Brugioni diz que, em tese, se o Supremo decidir pela aplicação de algum índice inflacionário, todos os cidadãos que tiveram carteira assinada de 1999 em diante teriam direito à revisão do saldo do FGTS. Mas o advogado diz que o mais provável é que haja alguma modulação para amenizar o imenso impacto sobre os cofres da Uniã.
“É possível que o Supremo vá modular a questão, de forma a não permitir novas ações daqui para a frente. Talvez nem abarque quem entrou agora, talvez coloque uma linha temporal. O contrário também é possível”, disse Brugioni.
A Defensoria Pública da União (DPU) entrou como interessada na ação, devido ao grande volume de trabalhadores de baixa renda que procuram atendimento em busca da revisão do FGTS, e chegou a soltar nota pública orientando os interessados a aguardar a análise pelo Supremo antes de acionar o Judiciário.
A DPU diz que moveu em 2014 Ação Civil Pública (ACP) sobre o assunto na Justiça Federal do Rio Grande do Sul — e que o processo já teve o âmbito nacional reconhecido.
Em caso de desfecho favorável no Supremo (e na Justiça Federal), a Defensoria diz em nota que “deve ser publicado um edital a fim de comunicar os interessados para que proponham ações individuais com o objetivo de executar a decisão favorável”.

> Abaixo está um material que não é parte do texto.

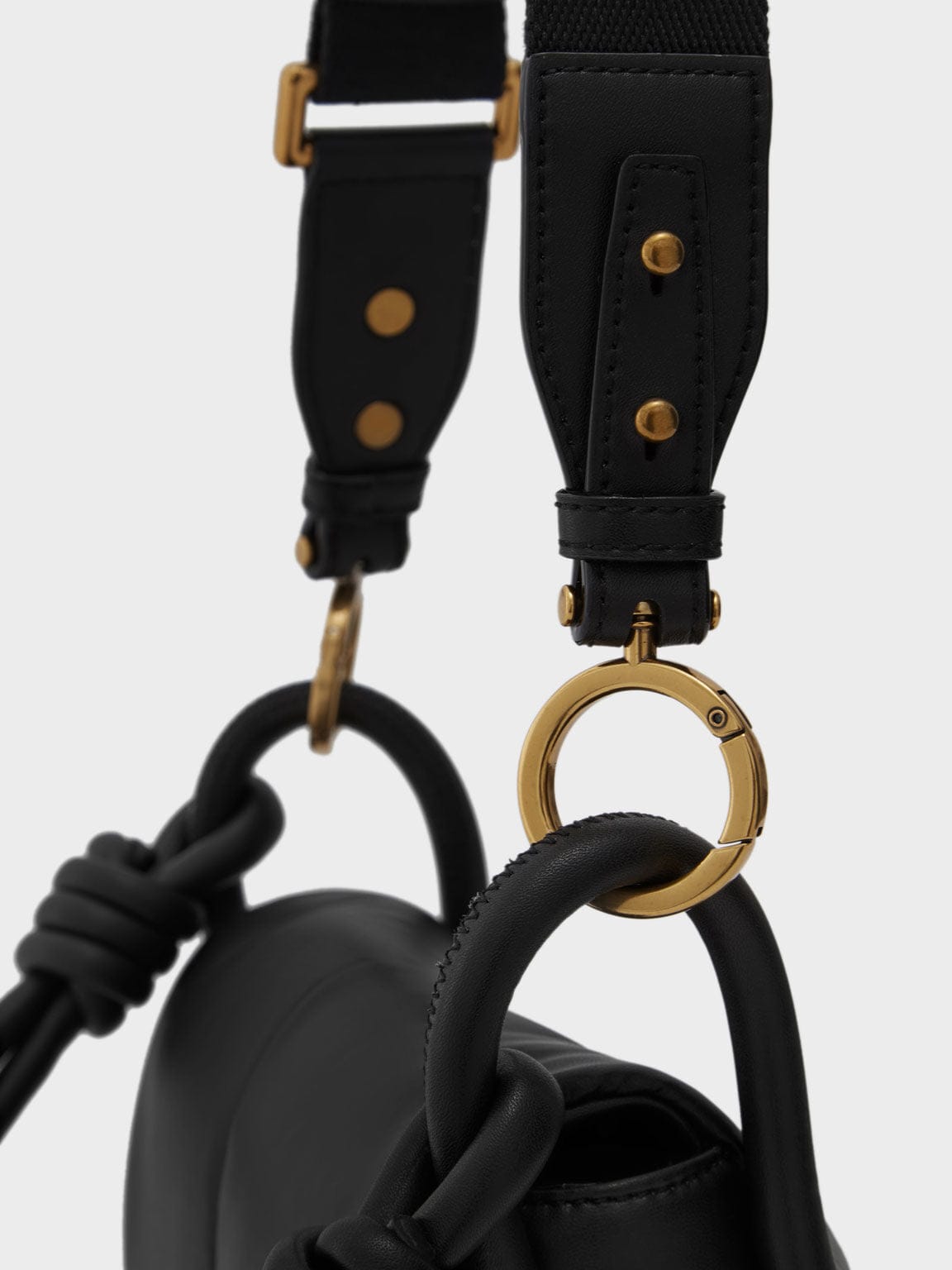 Charles & Keith Luna Knotted Handle Shoulder Bag - Black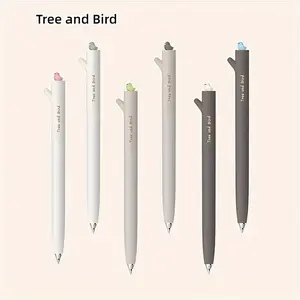 1Pc Creative Bird Gel Pen - Tree and Bird Design, 0.5mm Black CS Tip, Multi-purpose for School, Office and Home - Six Colors Available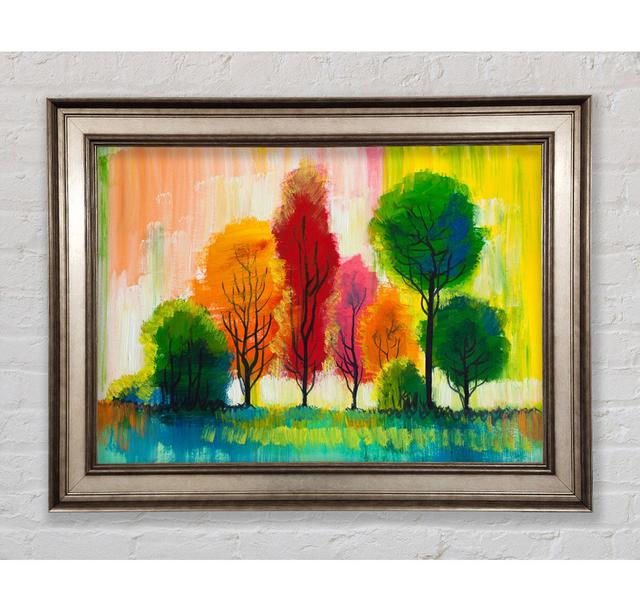 Autumn Vibrant Trees - Single Picture Frame Art Prints Bright Star Size: 84.1cm H x 142.2cm W x 8cm D on Productcaster.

Impacto nas contas públicas
Apesar de uma possível decisão favorável aos trabalhadores, análise do Bradesco BBI aponta um risco para as contas públicas e diz que, “no pior cenário, uma mudança na regra pode ser política e financeiramente prejudicial”.
“O FGTS detém atualmente R$ 642 bilhões em ativos, e as notícias mencionam uma perda potencial de R$ 700 bilhões. Simplificando: se o Supremo Tribunal Federal decidir adicionar índices de inflação integralmente à remuneração do FGTS, muito provavelmente destruirá o fundo de garantia”, aponta o Bradesco BBI.

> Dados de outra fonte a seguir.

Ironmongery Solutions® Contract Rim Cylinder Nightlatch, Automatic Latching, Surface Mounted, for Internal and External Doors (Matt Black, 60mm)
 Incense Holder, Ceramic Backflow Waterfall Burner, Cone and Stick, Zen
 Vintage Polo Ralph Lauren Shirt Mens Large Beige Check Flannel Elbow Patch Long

A casa diz que uma decisão irrestrita do STF exigiria um aporte de capital do governo no fundo “e muito provavelmente levaria à extinção do programa Minha Casa, Minha Vida (ou qualquer outro programa financiado com taxas subsidiadas do FGTS)”, por isso julga que o pior cenário é “improvável”.
Sobre o FGTS
O FGTS foi criado em 1966 como uma espécie de poupança do trabalhador com carteira assinada. Antes facultativa, a adesão ao fundo se tornou obrigatória a partir da Constituição de 1988. Pela regras atuais, todos os empregadores são obrigados a depositar 8% do salário de seus funcionários no fundo (de empregados urbanos, rurais e, desde 2015, também de domésticos).
O dinheiro do trabalhador fica vinculado a uma conta gerida pela Caixa Econômica Federal e só pode ser sacado em condições previstas em lei (uma das principais é a demissão sem justa causa). O fundo também serve para financiar políticas públicas, sobretudo, o Sistema Financeiro Habitacional (SFH).